High Intensity Focused Ultrasound (HIFU) is an emerging noninvasive, nonionizing physical energy based modality to ablate solid tumors with high power, or increase local permeability in tissues/tumors in pulsed mode with relatively low power. Compared with traditional ablative HIFU, nondestructive pulsed HIFU (pHIFU) is present in the majority of novel applications recently developed for enhancing the delivery of drugs and genes. Previous studies have demonstrated the capability of pHIFU to change tissue local permeability for enhanced drug delivery in both mouse tumors and mouse muscle. Further study based on bulk tissues in large animals and clinical HIFU system revealed correlation between therapeutic effect and thermal parameters, which was absent in the previous mouse studies.

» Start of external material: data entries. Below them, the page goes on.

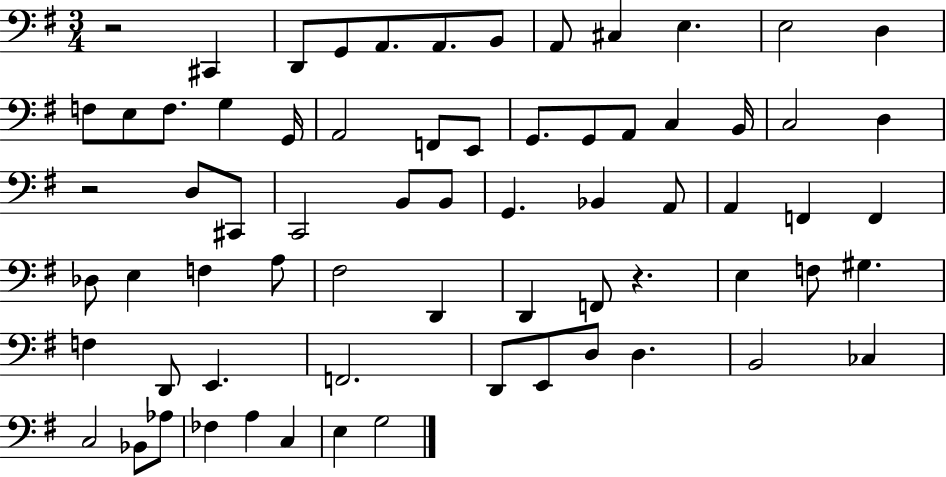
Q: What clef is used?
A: bass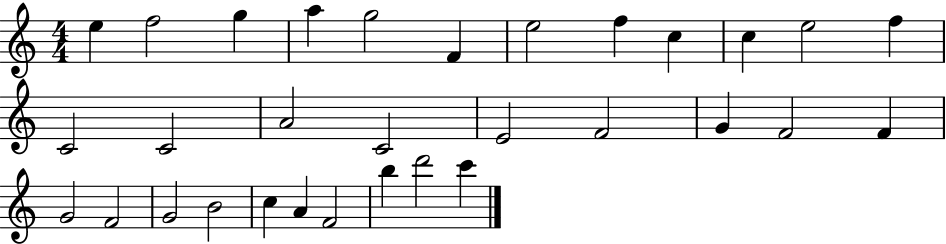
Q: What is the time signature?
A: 4/4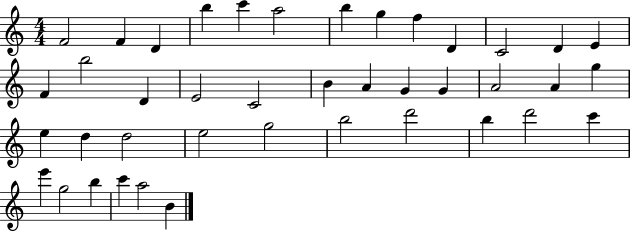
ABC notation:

X:1
T:Untitled
M:4/4
L:1/4
K:C
F2 F D b c' a2 b g f D C2 D E F b2 D E2 C2 B A G G A2 A g e d d2 e2 g2 b2 d'2 b d'2 c' e' g2 b c' a2 B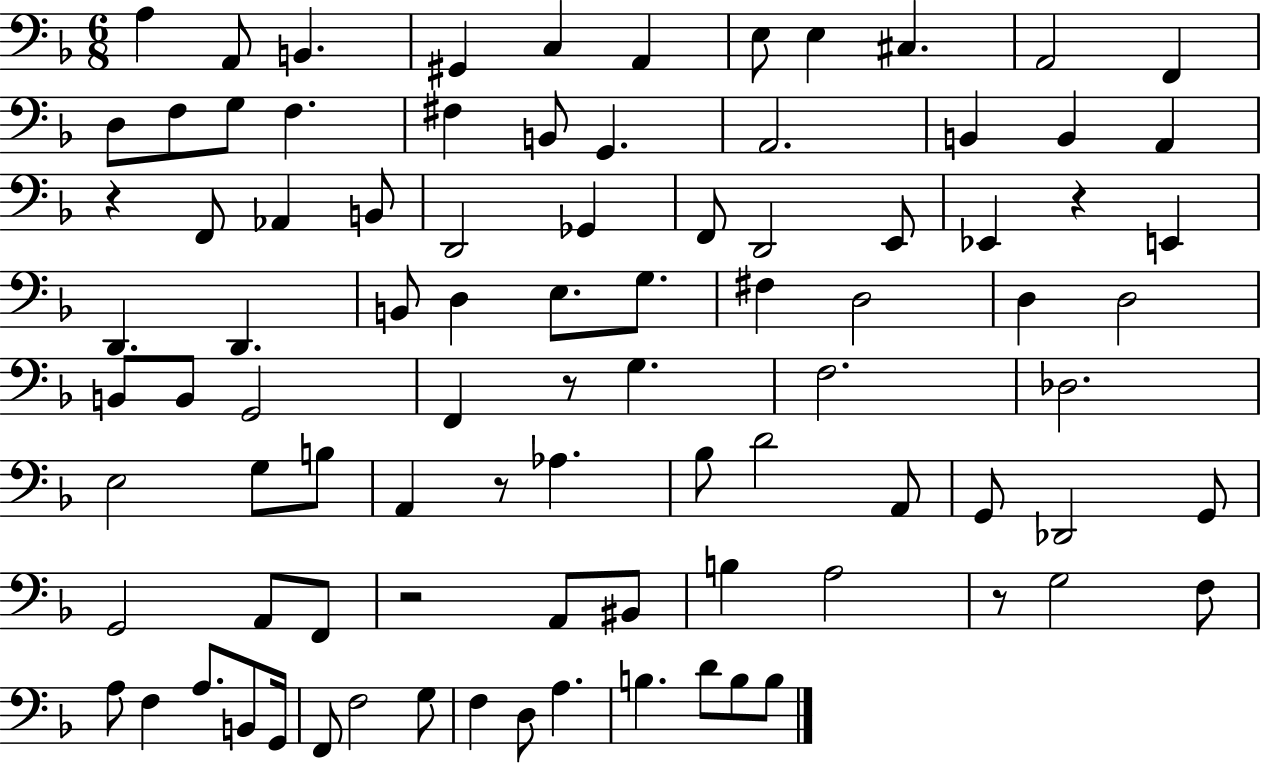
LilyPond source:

{
  \clef bass
  \numericTimeSignature
  \time 6/8
  \key f \major
  a4 a,8 b,4. | gis,4 c4 a,4 | e8 e4 cis4. | a,2 f,4 | \break d8 f8 g8 f4. | fis4 b,8 g,4. | a,2. | b,4 b,4 a,4 | \break r4 f,8 aes,4 b,8 | d,2 ges,4 | f,8 d,2 e,8 | ees,4 r4 e,4 | \break d,4. d,4. | b,8 d4 e8. g8. | fis4 d2 | d4 d2 | \break b,8 b,8 g,2 | f,4 r8 g4. | f2. | des2. | \break e2 g8 b8 | a,4 r8 aes4. | bes8 d'2 a,8 | g,8 des,2 g,8 | \break g,2 a,8 f,8 | r2 a,8 bis,8 | b4 a2 | r8 g2 f8 | \break a8 f4 a8. b,8 g,16 | f,8 f2 g8 | f4 d8 a4. | b4. d'8 b8 b8 | \break \bar "|."
}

In this study, we further investigated the relation between the therapeutic effect of pHIFU and thermal parameters in bulky normal muscle tissues based on a rabbit model and a preclinical HIFU system. Correlation between therapeutic effect and thermal parameters was confirmed in our study on the same bulk tissues although different HIFU systems were used. Following the study in bulky normal muscle tissues, we further created bulky tumor model with VX2 tumors implanted on both hind limbs of rabbits and investigated the feasibility to enhance tumor permeability in bulky VX2 tumors in a rabbit model using pHIFU technique. A radiolabeled peptidomimetic integrin antagonist, ¹¹¹In-DOTA-IA, was used following pHIFU treatment in our study to target VX2 tumor and serve as the radiotracer for follow-up single-photon emission computed tomography (SPECT) scanning. The results have shown significantly elevated uptake of ¹¹¹In-DOTA-IA in the area of VX2 tumors pretreated by pHIFU compared with the control VX2 tumors not being pretreated by pHIFU, and statistical analysis revealed averaged 34.5% enhancement 24hours after systematic delivery of ¹¹¹In-DOTA-IA in VX2 tumors pretreated by pHIFU compared with the control VX2 tumors.